A GREAT MOVIE. Nothing like it--luminous, vivid, cleverly written and cast. Just a perfect film, really. Nothing wrong with it. In my favorite scene, Channe and Francis are in class when Francis is visited by his mother (Jane Birkin), with whom he has offered a performance in class. Channe has no idea what's about to come, and neither do the giggling classmates. Side note: while working at Kim's Video in Manhattan, the star of this scene, Anthony Ross-Costanzo (who was nominated for an Independant Spirit Award for his supporting performance, and deserved an Oscar nomination as well) came ambling up to the counter where I was stationed. I recognized him immediately!! I said "Oh, my God! Anthony Ross-Costanzo, right?" and he was SHOCKED. He said I was the first person who ever recognized him. I told him I loved Soldier's Daughter, and he stated laughingly that I was one of the ten people who'd seen it. He was very flattered by my recognition and said he was going to be having dinner with James Ivory soon and that he'd mention how much I liked the movie! (I was blown away by the notion of my love of the film being discussed in this fashion, as Ivory is one of the greatest directors alive.) I asked him why he didn't do more movie work, and he said he was too busy singing, which makes sense as you will see. He told me that Ivory didn't tell Sobieski what he was going to do in front of the class, which is how he got such a strong reaction from her. Anthony then nicely pointed out that the store needed to move the James Ivory films out of the British section and into the American Directors section. I said "Yeah, I know...we'll get on that, man." But Ivory's work is still stubbornly stuck there in UK section beside the David Lean and Mike Leigh movies, dang it!
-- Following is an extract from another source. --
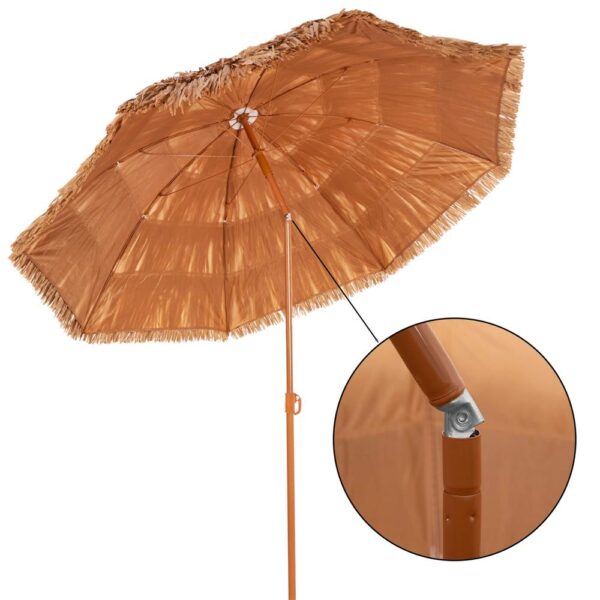 Umbrela de plaja tip hawai pliabila, cu inaltime si unghi reglabil, structura metalica, 160 cm, maro - imagine 31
Finally, I will highlight a scene from Ken Russell's highly underrated film version of the Who's rock opera, Tommy, about the deaf, dumb and blind kid (Who front-man Roger Daltry) who sure plays a mean pinball. Everybody knows the story. The cast is filled with rocking legends: Elton John (as the giant-booted Pinball Wizard), Tina Turner (the leggy, overstimulated Acid Queen), Eric Clapton (a blues-spounting priest at a church that worships graven images of Marilyn Monroe), Who drummer Keith Moon (the devious Uncle Ernie), now-forgotten Brit-rocker Paul Nicholas (as pain-in-the-ass Cousin Kevin), Jack Nicholson (yes, he sings), and Oliver Reed (he sort of does too). But the movie is stolen hands down by the busty, sexy, incredible Ann-Margret, playing Tommy's mother, whom we follow from her late teens to her middle-age. Ann won her second Oscar nomination for this spellbinding role. In fact, she's so great, I have to show you two scenes. I just can't pick between the two. Both are SO stunning. In the first, we see how Tommy is shocked into his affliction. His real father (Robert Powell) has supposedly died in the war, and his mother is about to have sex with her new husband-to-be Oliver Reed. But Tommy's disfigured dad makes a surprise return and the results are terrifying. The direction here is hot and jolting; when I saw this at nine years old, it really affected me deeply--perhaps you could say it even wounded me. But I greatly treasure the scar it left.


Now this is the thing that landed Ann the Oscar nom and and won her a Golden Globe. This is not only because she was positively volcanic, but because she performed so joyously in the sloppy climactic muck of this famous bit, which I will now set up for you: Tommy has just won the pinball championship and bested Elton's Wizard. Mom is at home watching the spactacle on TV, surrounded by riches in her all-white bedroom, but disappointed still in how life has turned out for her and her mentally-blocked son. By the end of this notorious number, you will know that Ann-Margret earned her paycheck the day or three this was filmed. By the way, I must say here that I could not get enough of Tommy when I was a kid; I'd say that, next to 2001: A Space Odyssey, it's the movie I've seen the most on the big screen--maybe about 40 times. For a music- and movie-loving kid with a fascination with pop art and beautiful women, this scene and this film itself was, ironically, a goddamn eye- and ear-opener. As the ads for Tommy promised, my senses would never be the same.


Pretty good tunes, huh? Love 'em, love 'em, love 'em to pieces.